I had never thought of being ashamed of my hands before; but I began to consider them a very indifferent pair. Her contempt for me was so strong, that it became infectious, and I caught it.
It is an infection that Pip never quite recovers from; as he spends more time with Miss Havisham and the tantalizing Estella, he becomes more and more discontented with his guardian, the kindhearted blacksmith, Joe, and his childhood friend Biddy. When, after several years, Pip becomes the heir of an unknown benefactor, he leaps at the chance to leave his home and friends behind to go to London and become a gentleman. But having expectations, as Pip soon learns, is a two-edged sword, and nothing is as he thought it would be. Like that other "little piece," A Tale of Two Cities, Great Expectations is different from the usual Dickensian fare: the story is dark, almost surreal at times, and you'll find few of the author's patented comic characters and no comic set pieces. And yet this is arguably the most compelling of Dickens's novels for, unlike David Copperfield or Martin Chuzzlewit, the reader can never be sure that things will work out for Pip. Even Dickens apparently had his doubts - he wrote two endings for this novel.

Book Description

In what may be Dickens’s best novel, humble, orphaned Pip is apprenticed to the dirty work of the forge but dares to dream of becoming a gentleman—and one day, under sudden and enigmatic circumstances, he finds himself in possession of “great expectations.” In this gripping tale of crime and guilt, revenge and reward, the compelling characters include Magwitch, the fearful and fearsome convict; Estella, whose beauty is excelled only by her haughtiness; and the embittered Miss Havisham, an eccentric jilted bride.

No other novel in the English language so epitomizes upward mobility, the rise from poverty to wealth, as Great Expectations. Often considered to be one of Dickens's best novels, it tells the story of young Pip who is mysteriously helped by two people: escaped convict Magwitch and the eccentric dowager Miss Havisham. Here is storytelling at its best, alive with bigger-than-life characters, plot twists that turn on a dime, and scenes that burst off the page with color.

About the Author

Charles Dickens was born in England in 1812. Believing that if he worked hard enough he could achieve his dreams, he was shattered when his father moved the family to London in 1823, encountered financial disaster, and was arrested for debt and placed in debtor's prison. Dickens was forced to go to work at a blacking factory, labeling bottles. His memories from that period haunted him for the rest of his life.

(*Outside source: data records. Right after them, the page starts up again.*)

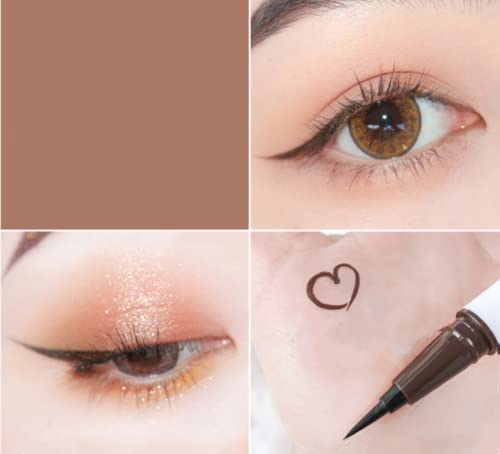 Farbiger Eyeliner Langlebiger Wasserdichter Flüssiger Eyeliner-Stift, Hochpigmentierter Wischfester bunter Eyeliner Langlebig für Frauen (braun) von ICATUENY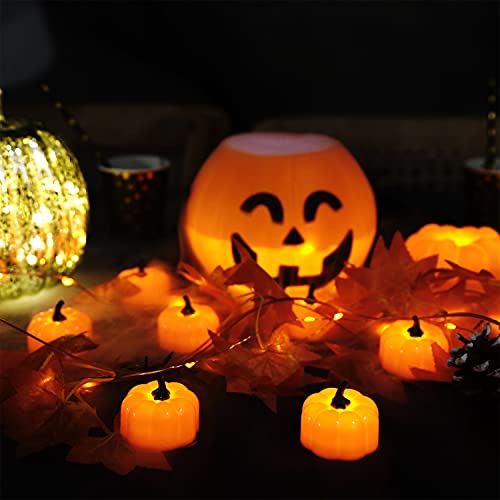 Homemory 12 Pack Led Pumpkin Lights, Halloween Pumpkins Battery Operated, Pumpkin Tea Lights, Light Up Jack O’ Lanterns For Halloween Decoration, Orange #TOP1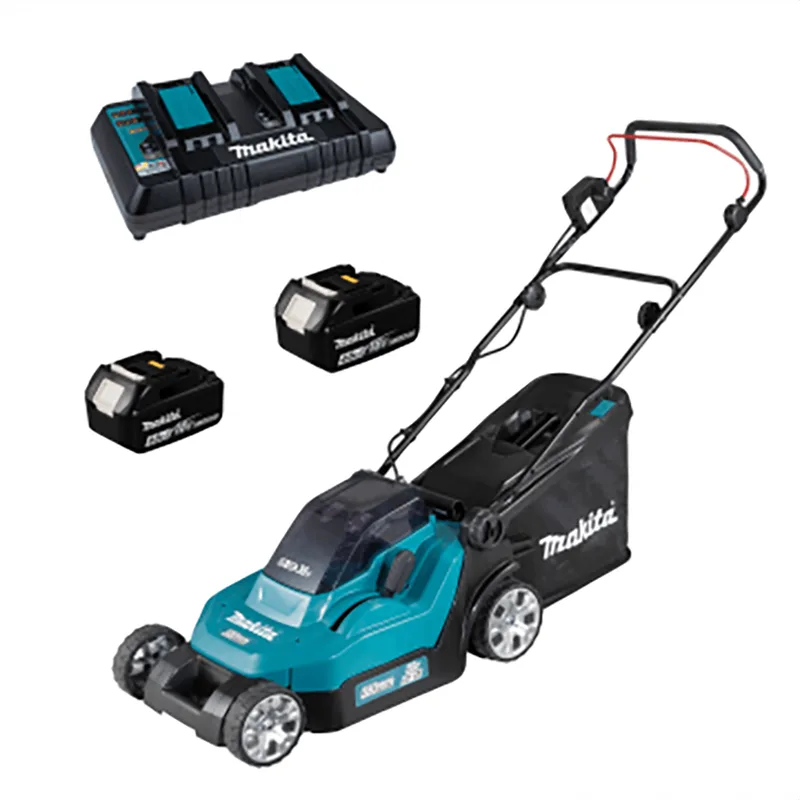 Makita DLM432PT2 - Tondeuse à gazon électrique 2 X 5 Ah au lithium - Bac de ramassage, 43 cm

After the family's financial situation improved, Dickens was able to return to school, and later to become an office boy, a freelance reporter, and finally an author. The Pickwick Papers brought Dickens instant notoriety; within a few years he was already the most popular and respected author of his time. In 1841 he went to America and was received with great enthusiasm. He is the author of such classics as Oliver Twist, Nicholas Nickleby, A Christmas Carol, Hard Times, and A Tale of Two Cities, among others. Due to his powers of observation, his sympathy with the humble, his sway over the emotions, and his incomparable gift of unalloyed fun, his works remain beloved by millions. Dickens had ten children before his marriage ended in separation in 1858. He died after suffering a stroke in 1870.